Sains Malaysiana 40(12)(2011): 1437–1447
A Monte Carlo Simulation Study on High Leverage Collinearity-Enhancing Observation and its Effect on Multicollinearity Pattern
(Kajian Simulasi Monte Carlo Terhadap Cerapan Titik Tuasan Tinggi yang Mempertingkatkan Kolinearan dan Kesannya Terhadap Pola Multikolinearan)
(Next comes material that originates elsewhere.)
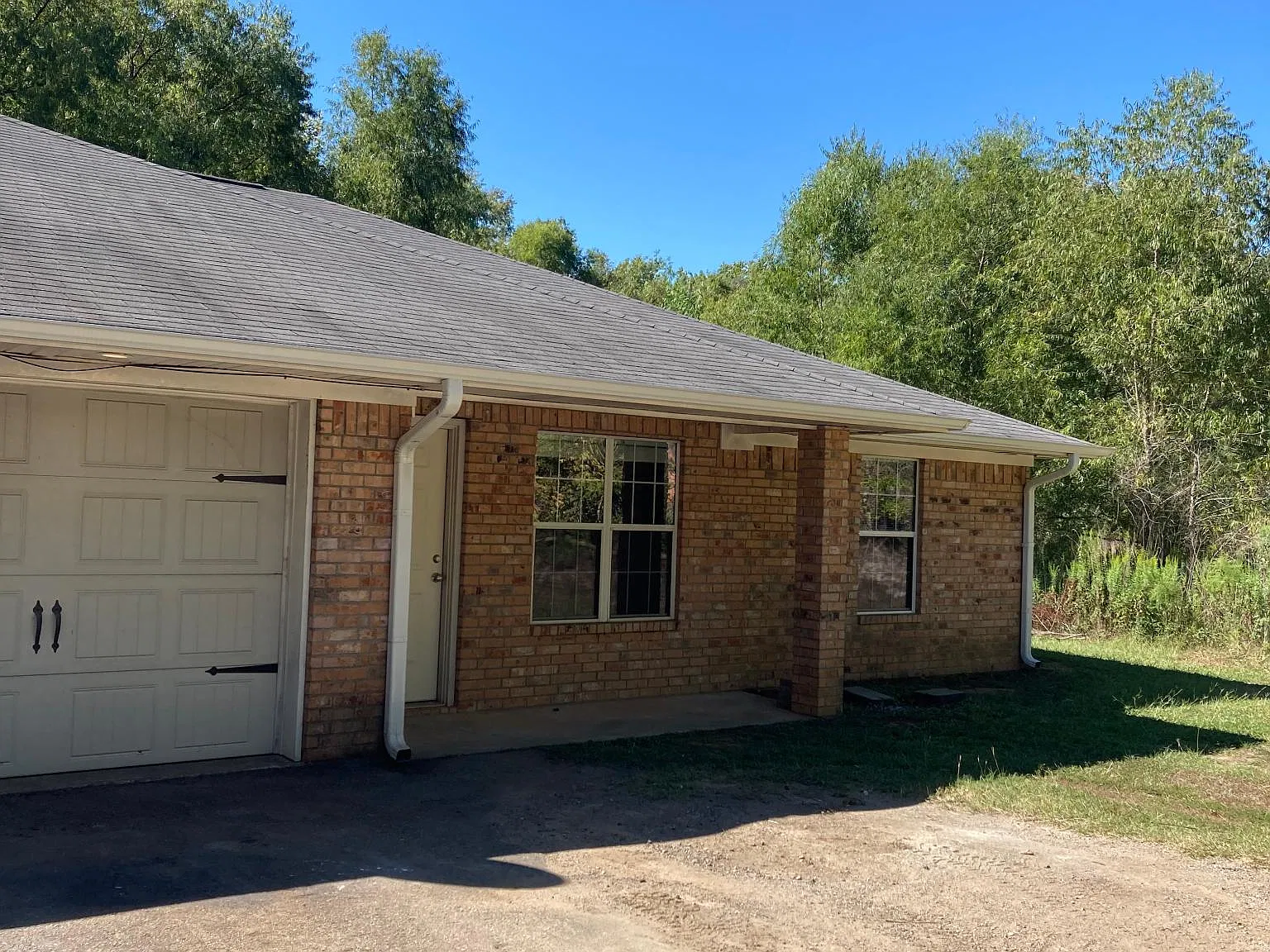 3 bed, 1200 sqft, $1,575 — Photo 1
Habshah Midi1,2, Arezoo Bagheri1* & A.H.M. Rahmatullah Imon3
1Faculty of Science, Universiti Putra Malaysia, 43400 Serdang, Selangor D.E., Malaysia
2Institute For Mathematical Research (INSPEM), Universiti Putra Malaysia
43400 Serdang, Selangor D.E., Malaysia
3Department of Mathematical Sciences, Ball State University, Muncie IN 47306, USA
Received: 5 February 2010 / Accepted: 11 November 2010
ABSTRACT
Outliers in the X-direction or high leverage points are the latest known source of multicollinearity. Multicollinearity is a nonorthogonality of two or more explanatory variables in multiple regression models, which may have important influential impacts on interpreting a fitted regression model. In this paper, we performed Monte Carlo simulation studies to achieve two main objectives. The first objective was to study the effect of certain magnitude and percentage of high leverage points, which are two important issues in tending the high leverage points to be collinearity-enhancing observations, on the multicollinarity pattern of the data. The second objective was to investigate in which situations these points do make different degrees of multicollinearity, such as moderate or severe. According to the simulation results, high leverage points should be in large magnitude for at least two explanatory variables to guarantee that they are the cause of multicollinearity problems. We also proposed some practical Lower Bound (LB) and Upper Bound (UB) for High Leverage Collinearity Influential Measure (HLCIM) which is an essential measure in detecting the degree of multicollinearity. A well-known example is used to confirm the simulation results.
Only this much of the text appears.